TODO maybe: draw it with R

let’s pick a distance $d$ , remember cov = var * cor

$C(d) = \sigma² \rho(d), \quad d > 0$

$\rho(d)$ is a correlation function when $\rho(d) = 0$ it is called range, it is the minimun distance were random observation are said to be “independant”. This is very hard to get so we use effective range were we have a very low amount of correlation (usually 0.05).

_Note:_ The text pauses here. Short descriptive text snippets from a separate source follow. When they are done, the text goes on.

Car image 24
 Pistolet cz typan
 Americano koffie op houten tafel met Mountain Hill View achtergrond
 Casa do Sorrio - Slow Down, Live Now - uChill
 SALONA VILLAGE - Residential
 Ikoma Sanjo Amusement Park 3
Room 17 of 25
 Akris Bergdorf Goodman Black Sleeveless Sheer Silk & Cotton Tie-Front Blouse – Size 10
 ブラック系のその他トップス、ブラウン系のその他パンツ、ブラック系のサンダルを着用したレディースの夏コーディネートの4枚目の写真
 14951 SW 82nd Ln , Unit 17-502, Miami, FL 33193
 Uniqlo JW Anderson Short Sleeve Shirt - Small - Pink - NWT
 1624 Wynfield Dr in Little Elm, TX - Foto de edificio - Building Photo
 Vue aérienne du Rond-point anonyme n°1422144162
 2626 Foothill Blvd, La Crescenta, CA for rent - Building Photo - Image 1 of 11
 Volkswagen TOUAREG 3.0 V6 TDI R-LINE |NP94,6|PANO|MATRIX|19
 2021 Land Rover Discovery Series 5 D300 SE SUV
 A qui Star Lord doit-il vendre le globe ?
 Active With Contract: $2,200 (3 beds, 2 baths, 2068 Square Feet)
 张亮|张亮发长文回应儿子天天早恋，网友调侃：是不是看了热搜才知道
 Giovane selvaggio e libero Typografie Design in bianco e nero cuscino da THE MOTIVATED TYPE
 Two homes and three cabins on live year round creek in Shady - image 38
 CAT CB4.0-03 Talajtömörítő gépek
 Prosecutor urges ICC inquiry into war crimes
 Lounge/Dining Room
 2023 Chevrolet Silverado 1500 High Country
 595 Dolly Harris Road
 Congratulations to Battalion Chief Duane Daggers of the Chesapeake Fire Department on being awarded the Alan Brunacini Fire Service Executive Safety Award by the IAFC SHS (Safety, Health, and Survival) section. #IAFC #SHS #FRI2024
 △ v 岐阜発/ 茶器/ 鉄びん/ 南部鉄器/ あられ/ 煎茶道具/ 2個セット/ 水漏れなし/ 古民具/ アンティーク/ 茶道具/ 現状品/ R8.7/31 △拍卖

8.1.3 Usefull covariance functions

They should not allow negative values for variance (yup variation can only be positive).

8.1.3.1 Exponential model

$Cov(Z(s_i), Z(s_j)) = \sigma^2 exp(-k||s_i -s_j||)$

h <- seq(from = 0, to = 1, by = .05)
sigma = 1

expo_model <- function(sigma, k, h) {
  sigma^2 * exp(-k * h)
}

# k is the decay
k_10 <- expo_model(sigma, k = 10, h)
k_5 <- expo_model(sigma, k = 5, h)
k_1 <- expo_model(sigma, k = 1, h)

plot(h, k_10, type = "l", ylab = "Cov" )
lines(h, k_5, lty = 2)
lines(h, k_1, lty = 3)

8.1.3.2 Matèrn model

$Cov(Z(s_i), Z(s_j)) = \frac{\sigma^2}{2^{v-1}\Gamma(v)}(k||s_i - s_j||)^vK_v(k||s_i-s_j||)$ $K$ is the effective range here define when $\rho = \frac{\sqrt(8)}{k}$

TODO: undertand it and INLA::inla.matern.cov()